I was working on a script which reading a folder of files(each of size ranging from 20 MB to 100 MB), modifies some data in each line, and writes back to a copy of the file.
file.writelines()
expects an iterable of strings. It then proceeds to loop and call file.write()
for each string in the iterable. In Python, the method does this:
def writelines(self, lines)
for line in lines:
self.write(line)
You are passing in a single large string, and a string is an iterable of strings too. When iterating you get individual characters, strings of length 1. So in effect you are making len(data)
separate calls to file.write()
. And that is slow, because you are building up a write buffer a single character at a time.
Don't pass in a single string to file.writelines()
. Pass in a list or tuple or other iterable instead.
You could send in individual lines with added newline in a generator expression, for example:
myWrite.writelines(line + '\n' for line in new_my_list)
Now, if you could make clean_data()
a generator, yielding cleaned lines, you could stream data from the input file, through your data cleaning generator, and out to the output file without using any more memory than is required for the read and write buffers and however much state is needed to clean your lines:
with open(inputPath, 'r+') as myRead, open(outPath, 'w+') as myWrite:
myWrite.writelines(line + '\n' for line in clean_data(myRead))
In addition, I'd consider updating clean_data()
to emit lines with newlines included.
'write(arg)' method expects string as its argument.

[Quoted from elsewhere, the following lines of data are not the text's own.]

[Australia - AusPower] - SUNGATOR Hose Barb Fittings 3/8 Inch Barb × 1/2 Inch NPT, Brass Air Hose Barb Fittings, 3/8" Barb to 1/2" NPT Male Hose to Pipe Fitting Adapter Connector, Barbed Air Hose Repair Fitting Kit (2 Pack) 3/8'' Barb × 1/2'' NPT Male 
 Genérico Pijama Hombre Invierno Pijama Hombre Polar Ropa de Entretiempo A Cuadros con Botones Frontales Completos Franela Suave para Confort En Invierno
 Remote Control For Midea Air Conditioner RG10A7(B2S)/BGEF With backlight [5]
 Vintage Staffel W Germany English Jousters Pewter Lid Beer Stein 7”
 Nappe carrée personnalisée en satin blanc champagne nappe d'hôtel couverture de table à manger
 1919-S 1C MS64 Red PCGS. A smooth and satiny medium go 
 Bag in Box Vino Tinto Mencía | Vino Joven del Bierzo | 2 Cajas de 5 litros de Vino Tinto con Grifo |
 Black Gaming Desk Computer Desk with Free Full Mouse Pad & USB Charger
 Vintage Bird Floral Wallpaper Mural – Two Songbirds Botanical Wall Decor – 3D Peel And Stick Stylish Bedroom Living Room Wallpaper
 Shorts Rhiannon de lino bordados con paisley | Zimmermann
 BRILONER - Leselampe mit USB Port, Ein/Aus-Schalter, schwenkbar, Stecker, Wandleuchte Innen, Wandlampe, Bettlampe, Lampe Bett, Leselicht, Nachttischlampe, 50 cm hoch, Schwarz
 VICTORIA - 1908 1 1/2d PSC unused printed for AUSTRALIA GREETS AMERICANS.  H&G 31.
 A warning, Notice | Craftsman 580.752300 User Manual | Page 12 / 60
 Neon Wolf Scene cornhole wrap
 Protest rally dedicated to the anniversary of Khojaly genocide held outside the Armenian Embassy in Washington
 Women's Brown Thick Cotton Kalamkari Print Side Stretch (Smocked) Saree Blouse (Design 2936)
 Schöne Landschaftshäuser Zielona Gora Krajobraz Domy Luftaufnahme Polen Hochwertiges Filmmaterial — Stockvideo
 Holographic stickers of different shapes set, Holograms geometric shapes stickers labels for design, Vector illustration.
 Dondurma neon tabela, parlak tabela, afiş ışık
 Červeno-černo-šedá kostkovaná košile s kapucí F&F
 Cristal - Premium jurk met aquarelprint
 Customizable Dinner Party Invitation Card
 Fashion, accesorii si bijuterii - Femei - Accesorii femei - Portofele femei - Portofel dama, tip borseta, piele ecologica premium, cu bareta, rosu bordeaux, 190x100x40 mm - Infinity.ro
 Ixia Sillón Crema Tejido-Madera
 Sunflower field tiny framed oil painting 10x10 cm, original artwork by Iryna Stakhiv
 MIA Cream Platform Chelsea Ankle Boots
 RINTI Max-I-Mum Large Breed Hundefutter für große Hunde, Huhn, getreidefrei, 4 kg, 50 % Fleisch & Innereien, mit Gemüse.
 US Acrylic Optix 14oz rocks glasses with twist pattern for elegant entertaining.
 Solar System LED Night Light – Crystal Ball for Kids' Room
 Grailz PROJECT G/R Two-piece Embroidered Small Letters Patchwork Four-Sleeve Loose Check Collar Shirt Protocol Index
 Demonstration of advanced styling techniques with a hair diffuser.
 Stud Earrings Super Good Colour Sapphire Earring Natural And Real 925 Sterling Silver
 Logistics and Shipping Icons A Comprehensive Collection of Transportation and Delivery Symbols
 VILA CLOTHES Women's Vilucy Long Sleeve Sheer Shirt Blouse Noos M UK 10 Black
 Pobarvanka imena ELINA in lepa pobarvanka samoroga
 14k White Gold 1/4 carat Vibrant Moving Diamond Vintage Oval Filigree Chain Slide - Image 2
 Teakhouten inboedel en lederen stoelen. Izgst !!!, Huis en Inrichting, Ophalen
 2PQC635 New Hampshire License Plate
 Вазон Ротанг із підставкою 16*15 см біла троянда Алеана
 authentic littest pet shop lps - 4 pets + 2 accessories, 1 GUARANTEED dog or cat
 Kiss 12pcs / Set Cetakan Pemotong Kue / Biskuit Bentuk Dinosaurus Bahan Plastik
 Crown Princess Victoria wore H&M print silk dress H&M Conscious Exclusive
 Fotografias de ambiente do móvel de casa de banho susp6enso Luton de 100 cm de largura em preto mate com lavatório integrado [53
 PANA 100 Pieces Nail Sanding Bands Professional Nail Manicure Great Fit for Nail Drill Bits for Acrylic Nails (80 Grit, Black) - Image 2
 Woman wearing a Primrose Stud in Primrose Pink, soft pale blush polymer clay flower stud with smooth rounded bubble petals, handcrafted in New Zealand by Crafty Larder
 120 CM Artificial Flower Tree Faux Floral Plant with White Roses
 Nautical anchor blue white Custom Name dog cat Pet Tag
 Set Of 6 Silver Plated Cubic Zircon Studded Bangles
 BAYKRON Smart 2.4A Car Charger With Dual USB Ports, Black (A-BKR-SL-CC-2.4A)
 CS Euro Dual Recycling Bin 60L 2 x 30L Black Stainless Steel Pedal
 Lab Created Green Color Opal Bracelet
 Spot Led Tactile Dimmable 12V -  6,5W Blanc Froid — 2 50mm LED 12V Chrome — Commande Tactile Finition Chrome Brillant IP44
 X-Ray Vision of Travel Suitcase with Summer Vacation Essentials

So once it calls, it will directly writes. this is the reason it is much faster.
where as if you are using writelines()
method, it expects list of string as iterator. so even if you are sending data to writelines
, it assumes that it got iterator and it tries to iterate over it. so since it is an iterator it will take some time to iterate over and write it.
Is that clear ?
as a complement to Martijn answer, the best way would be to avoid to build the list using join
in the first place
Just pass a generator comprehension to writelines
, adding the newline in the end: no unnecessary memory allocation and no loop (besides the comprehension)
myWrite.writelines("{}\n".format(x) for x in my_list)